Write out again only the lines between the one with "A Unicorn's Calamity" and the end of the records below, both ends counted, and don't include the pictures.

> _Short descriptive text snippets_
▼▼▼
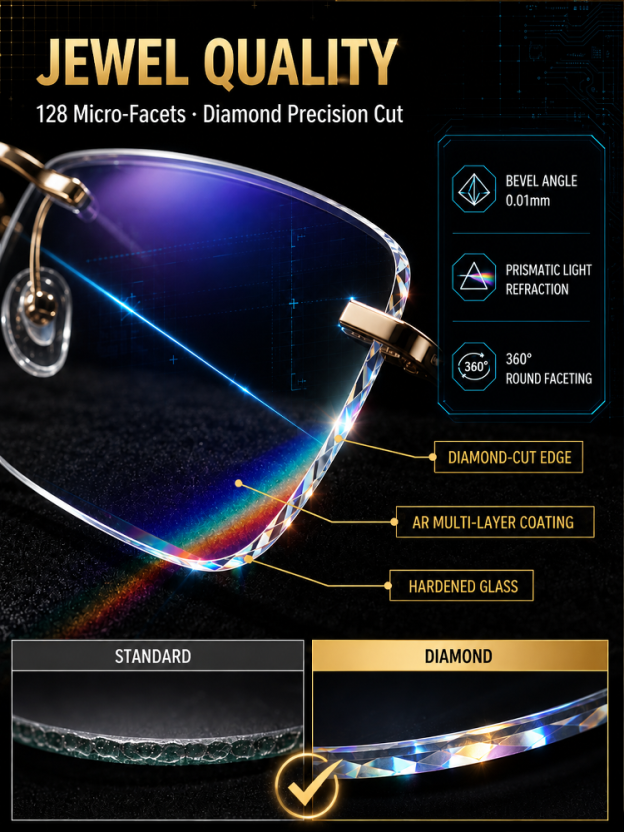 👓 Auto-Adjusting Focus: See clearly near and far without swapping glasses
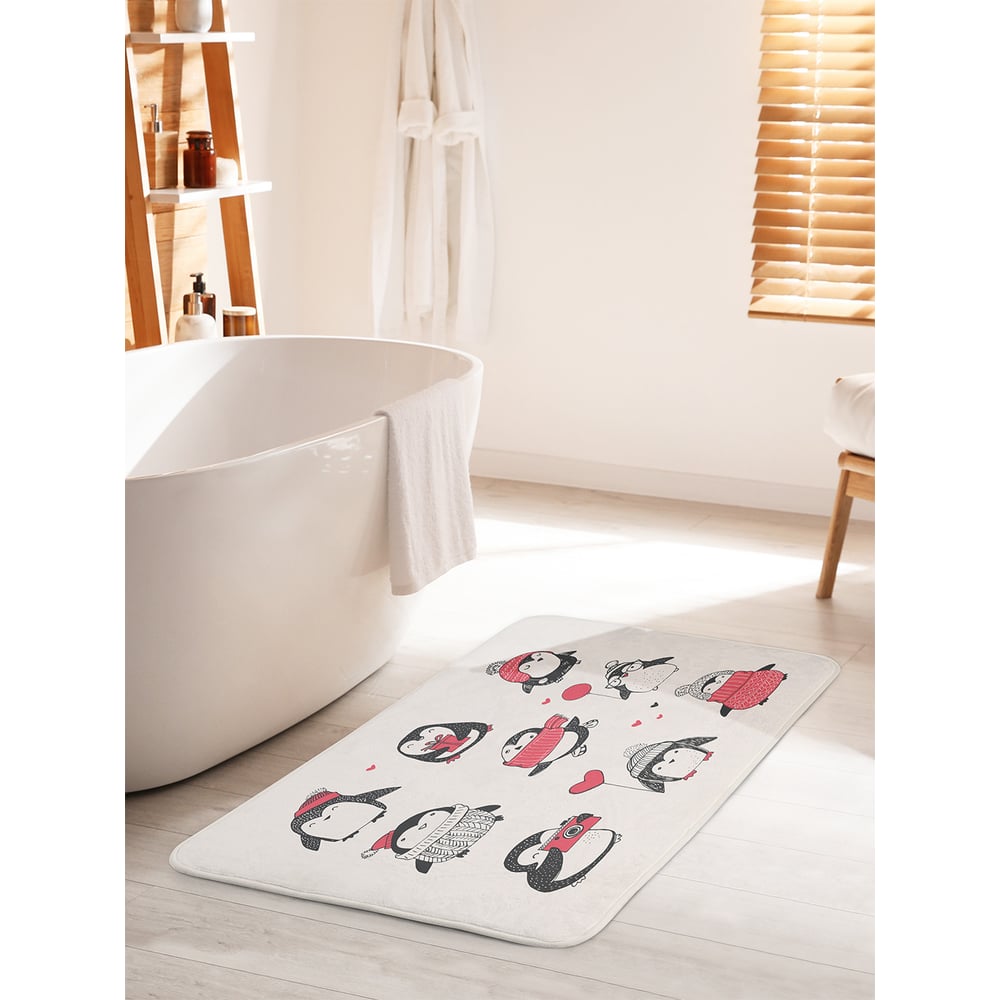 Изображение товара Коврик для ванной JOYARTY противоскользящий 60х100 см
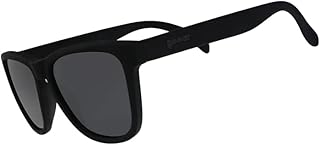 A Unicorn's Calamity Polarized Sunglasses, Medium Sized (OG), Black Solid Frames with Black Non-Reflective Glare Reducing Lenses, UV400 Protection, No Slip, No Bounce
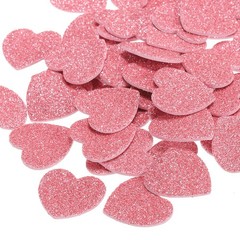 1″x1″ Heart Foam Stickers, 60Pcs EVA Glitters Foam Shape Sticker, Pink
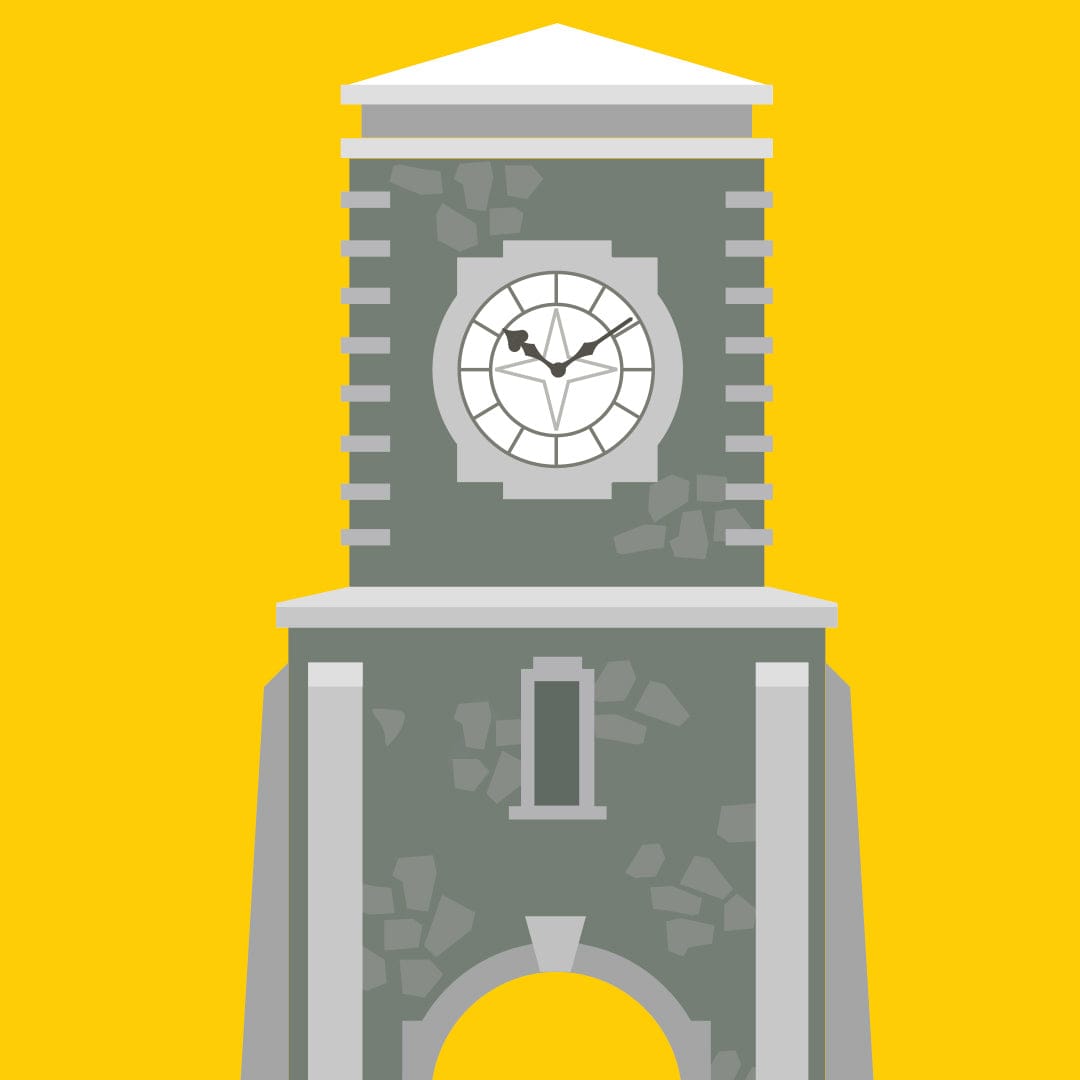 Sumner Clock Tower Art Print by Hamish Thompson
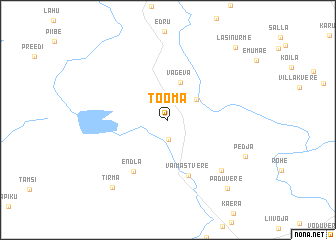 map of Tooma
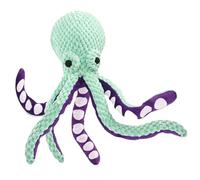 Rwigeboo Octopus Dog Toys Lindos Juguetes interactivos para Perros chirriantes, Suaves, indestructibles, 12, 6 x 3, 4, masticables portátiles para Perros pequeños, medianos y Grandes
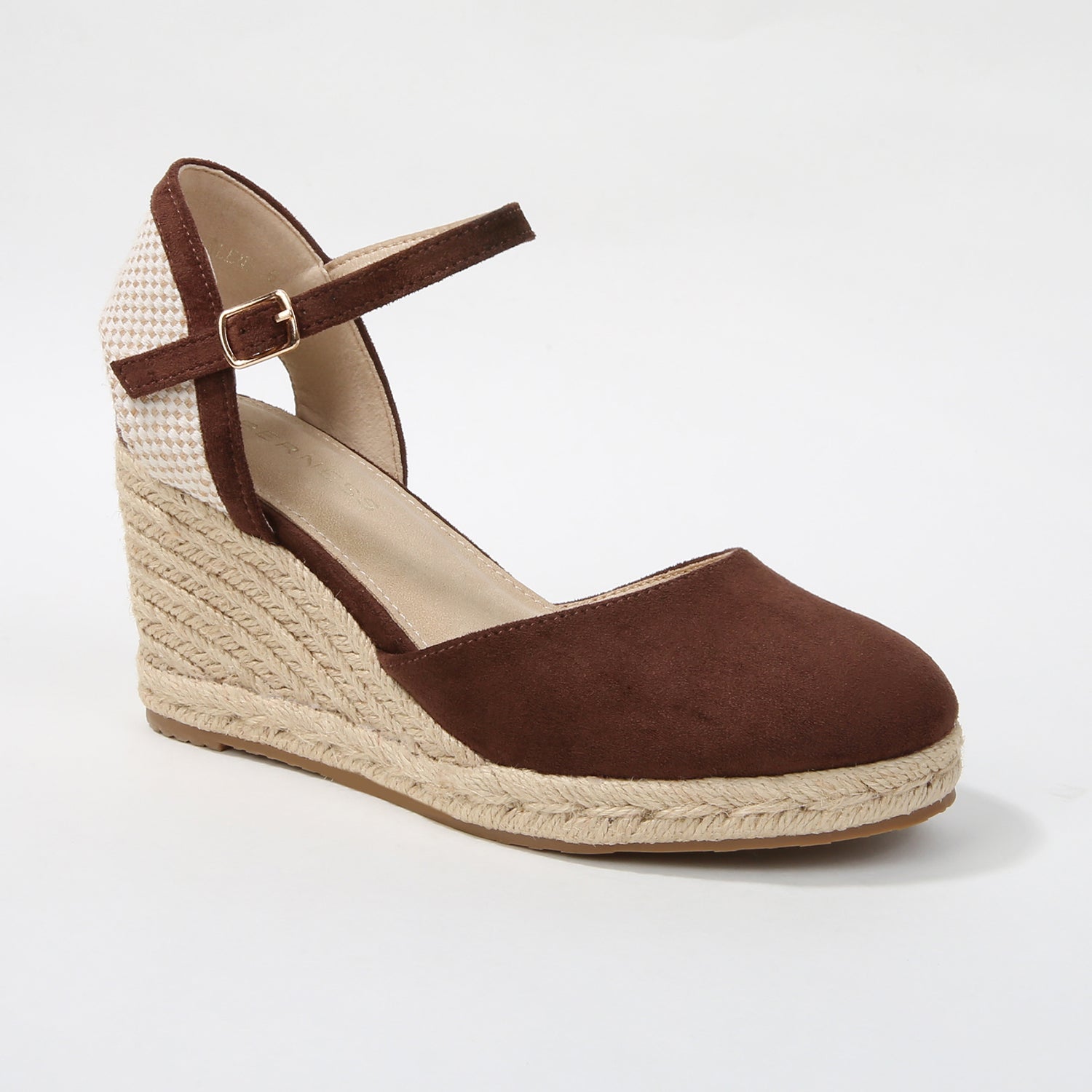 Marlene Jute-Wrapped Closed Toe Espadrille Wedges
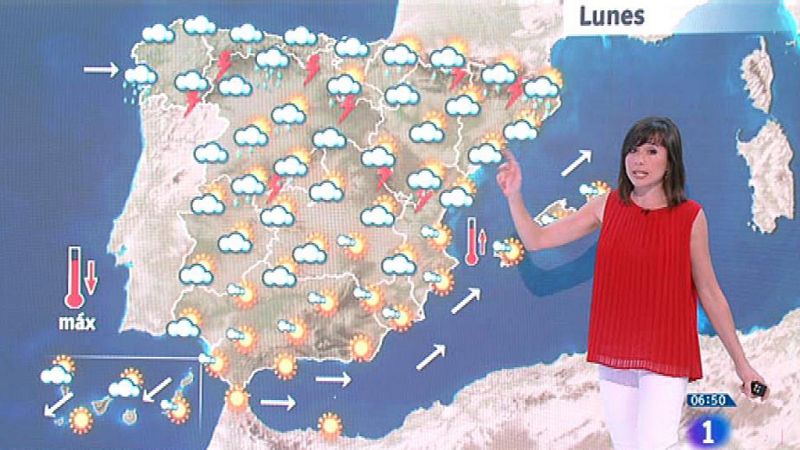 Este lunes habrá chubascos fuertes en Galicia y Asturias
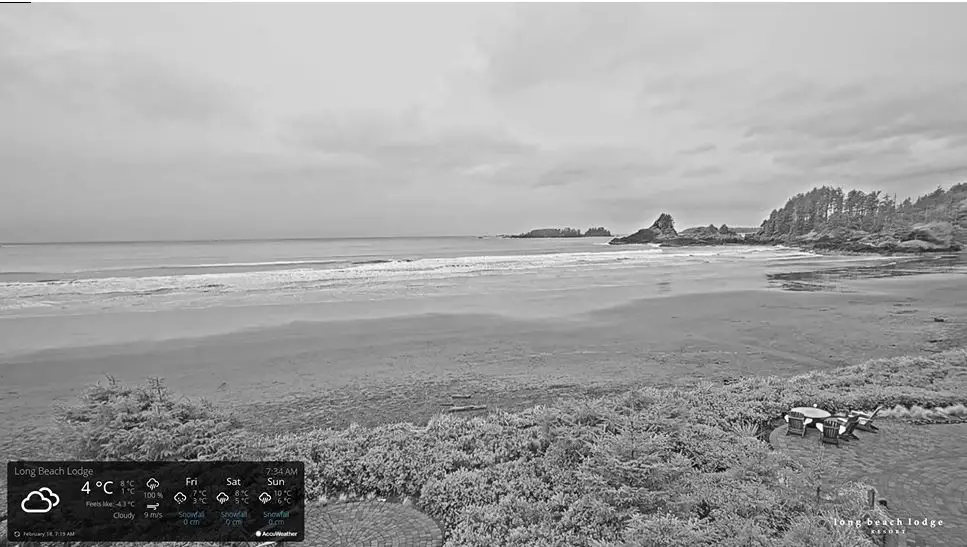 Webcam en direct de Tofino, Colombie-Britannique, Canada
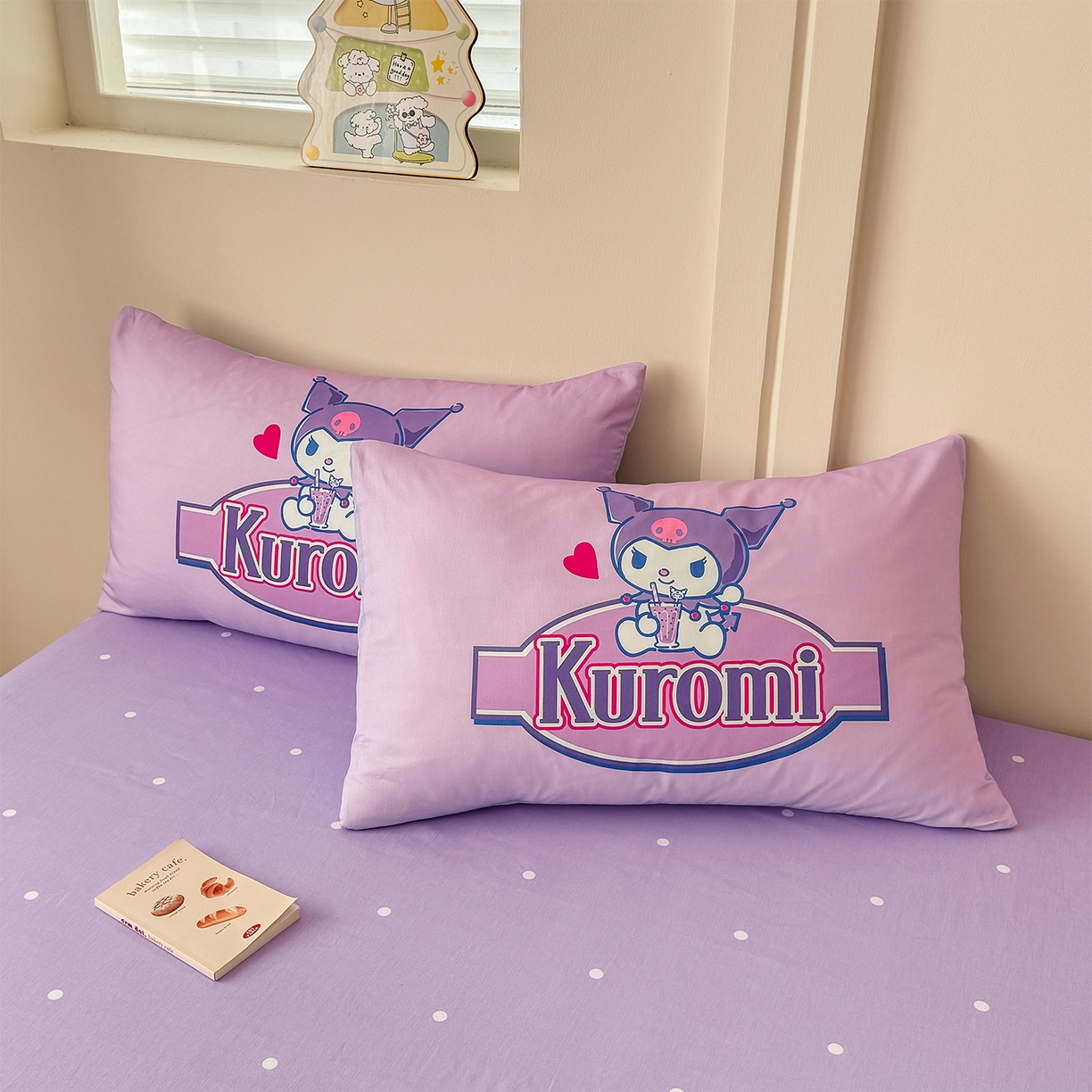 91家纺网 家纺一手货源 找家纺 玉元坊 2025新款正版授权三丽鸥系列全棉纯棉三四件套 基础款 蓝莓库洛米-基础款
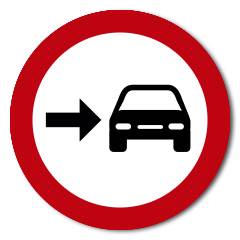 TRANSITO A LA DERECHA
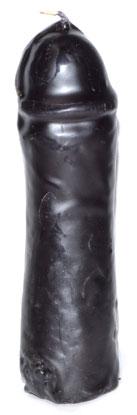 6 1-2" Black Male Gender Candle - Nakhti By Kali J.N.S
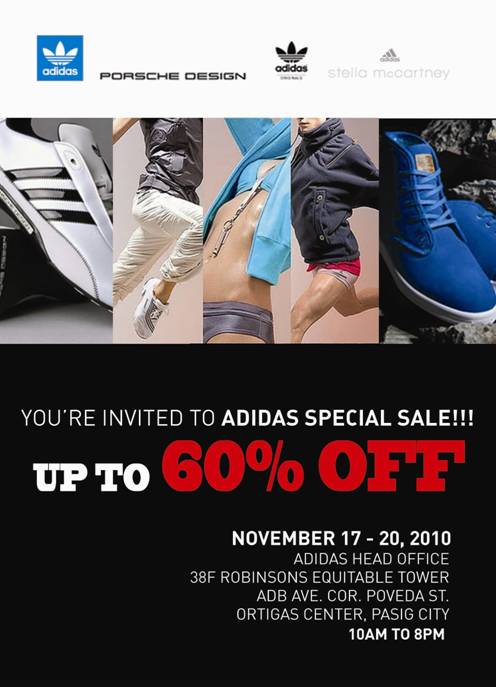 upto 60% OFF Adidas Special Sale - Nov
▲▲▲
> _Your response_
 A Unicorn's Calamity Polarized Sunglasses, Medium Sized (OG), Black Solid Frames with Black Non-Reflective Glare Reducing Lenses, UV400 Protection, No Slip, No Bounce
 1″x1″ Heart Foam Stickers, 60Pcs EVA Glitters Foam Shape Sticker, Pink
 Sumner Clock Tower Art Print by Hamish Thompson
 map of Tooma
 Rwigeboo Octopus Dog Toys Lindos Juguetes interactivos para Perros chirriantes, Suaves, indestructibles, 12, 6 x 3, 4, masticables portátiles para Perros pequeños, medianos y Grandes
 Marlene Jute-Wrapped Closed Toe Espadrille Wedges
 Este lunes habrá chubascos fuertes en Galicia y Asturias
 Webcam en direct de Tofino, Colombie-Britannique, Canada
 91家纺网 家纺一手货源 找家纺 玉元坊 2025新款正版授权三丽鸥系列全棉纯棉三四件套 基础款 蓝莓库洛米-基础款
 TRANSITO A LA DERECHA
 6 1-2" Black Male Gender Candle - Nakhti By Kali J.N.S
 upto 60% OFF Adidas Special Sale - Nov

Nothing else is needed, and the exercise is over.